Cette tendance à vouloir concevoir l’humanité dans sa totalité, unie par ses ressemblances plutôt que divisée par ses différences, a également un autre impact sur l’ambiance générale de l’album.

On entend de-ci, de-là, (Depuis longtemps, Résister) des foules de concerts se mêler aux instrus. La foule est aussi mise à l’honneur dans les refrains (Fiyah). Il semble bien que si IAM a choisi des instrumentales moins exigeantes que ce à quoi ils nous avaient habitués dans leurs jeunes années, c’est que Rêvolution est en réalité un album taillé pour le live plus que pour l’écoute au casque. AKH ne s’en cachait d’ailleurs pas le 2 mars dernier sur le plateau de l’émission Quotidien, où il décrivait IAM comme « plutôt un groupe de scène » avouant à demi-mots que Rêvolution était aussi un prétexte pour remonter sur scène, et n’avait pas nécessairement la prétention de changer la face du rap.

Conclusion

Au final, Rêvolution ne sera pas le nouvel apogée du mythique groupe marseillais. Rêvolution est plutôt un manifeste, un appel à continuer le combat contre les « fanascismes« , « un cri de révolte lancé à leurs frères opprimés pour en finir avec la résignation et l’indifférence », comme dirait l’autre. L’occasion de retourner faire la fête en concert avec cet album rempli d’hymnes et de refrains catchys. Même s’il n’a rien de novateur d’un point de vue musical, Rêvolution reste un album sympathique et bienvenu en ces temps troublés, un album qui donne envie de se lever le matin et de faire la fête le soir, aux sonorités chaudes assez éloignées de la dureté métallurgique de la trap hégémonique actuelle.

 

Jacques Bonoberje

À proposJacques Bonoberje

J'ai découvert le rap français au Tegzas.
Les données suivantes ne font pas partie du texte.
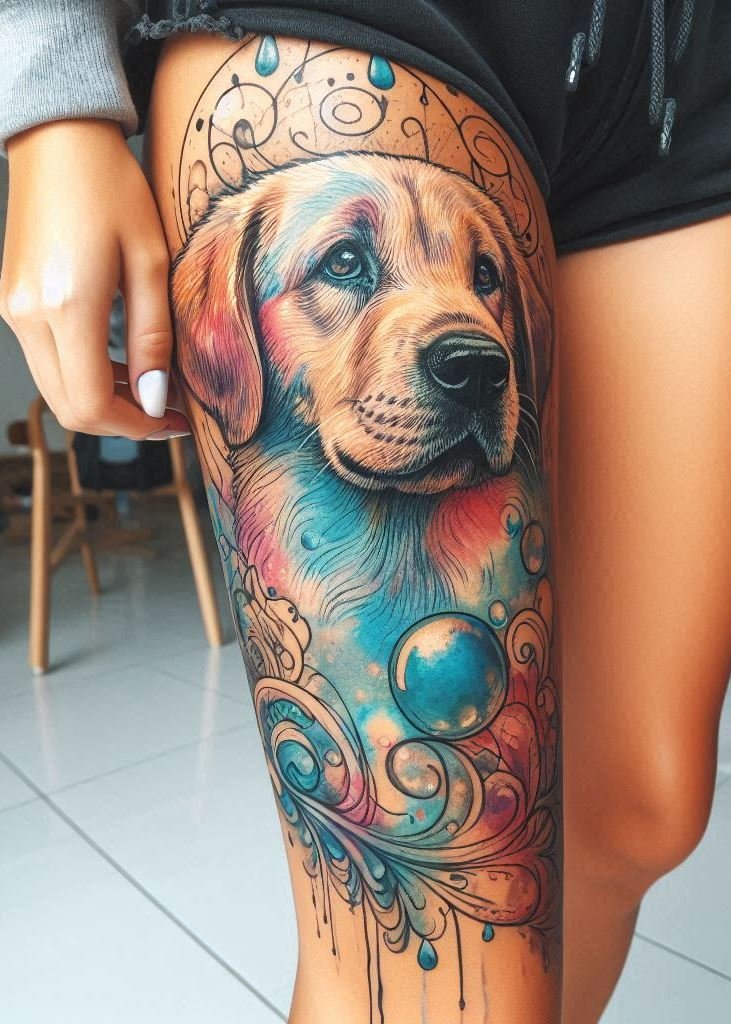 Keep your Labrador close with a loving hand tattoo. Friendly, loyal, and always ready for fun!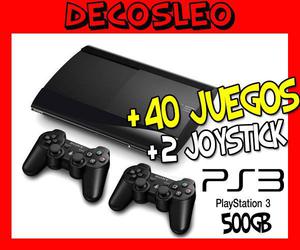 decosleo* PLAYSTATION 3 de 500gb con 40 juegos 2 joystick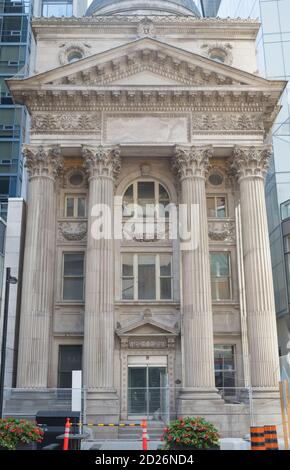 Ancienne Banque de Toronto, rue Yonge, Toronto, Canada Banque D'Images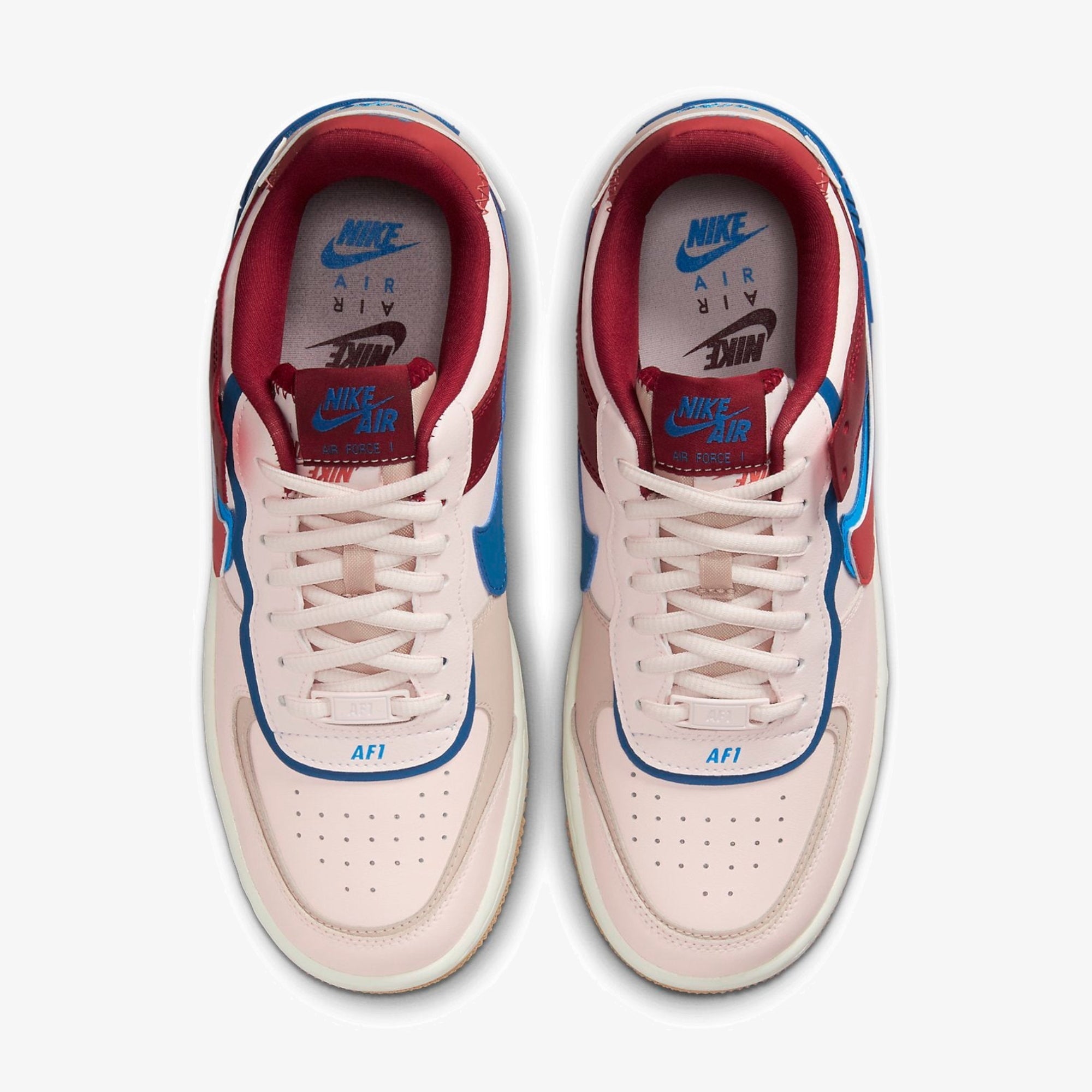 Дамски кецове Nike Air Force 1 Shadow - CI0919-601 отгоре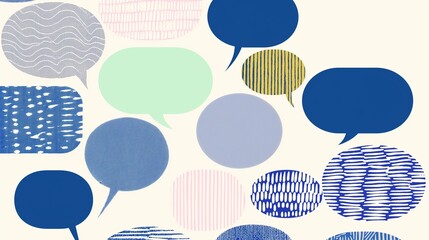 Colorful speech bubbles representing diverse viewpoints and opinions, ideal for illustrating debates, forums, and discussions.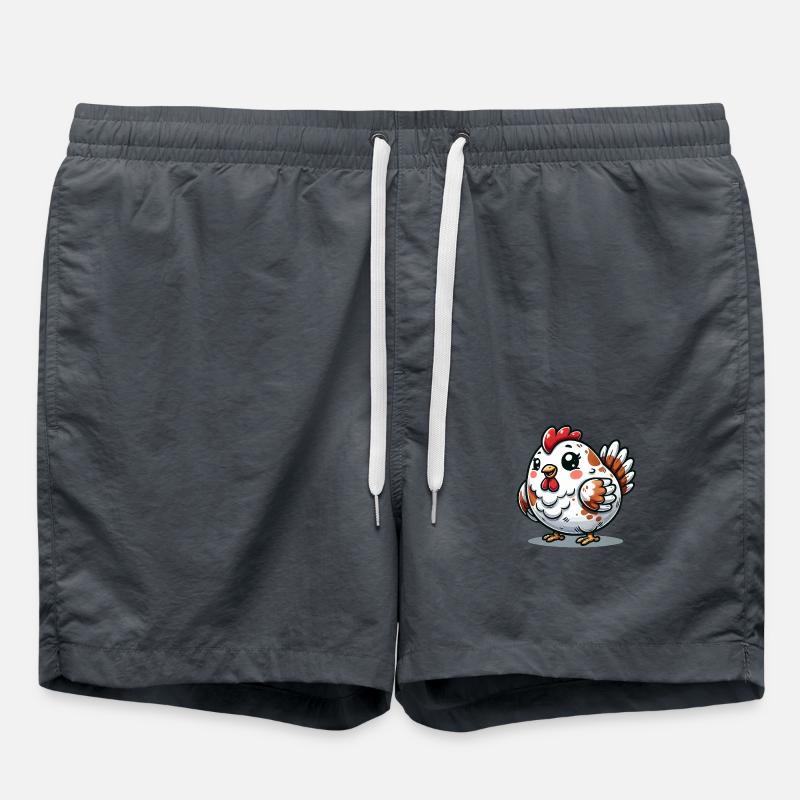 Poulet - Short de bain - charbon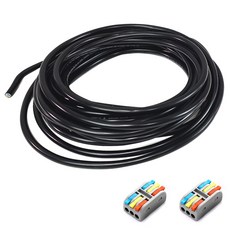 One Stop 切割VCTF電線 黑色 3m+3P連接器 2入組 1.5SQ*3C, 1組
Absolument.

3 commentaires

  1. C’est l’occasion de parler d’un groupe inconnu, Nec+Ultra, qui avait fait un titre intitulé « Rêvolution » en 1989. Son interprétation sur scène à L’Elysée Montmartre en costume d’ époque, XVIII s., leur avait valu de se faire copieusement siffler et insulter par la quasi totalité du « HipHop » parisien, précipitant leur sortie définitive et dommageable à l’ensemble des amateurs du genre. Qu’IAM en fasse le titre de leur album n’aurait été que justice s’ils avaient eu la délicatesse de leur adresser ne serait-ce qu’une dédicace, je serais surpris de leur ignorance de l’existence de ce groupe et du texte de ce morceau qui surprend aujourd’hui encore de part sa précocité sur le propos, c’est bien sûr à contextualiser…c’était il y a prés de 30 ans…NTM avait commencé leur carrière en reprennant leur « Je Rap » si IAM termine la sienne sur leur « Rêvolution » la boucle sera en quelque sorte bouclée, toute ironie du sort gardée, bien sûr. Je vais me le prendre en Vinyl pour me le faire dédicacer, en bon parisien, j’ai toujours été un fan de ces marseillais auxquels j’ai toujours trouvé l’excuse de ne pas savoir ce qui se passait dans la Capitale et puis 50 piges c’est le début de la jeunesse quand on porte le blaze d’une momie.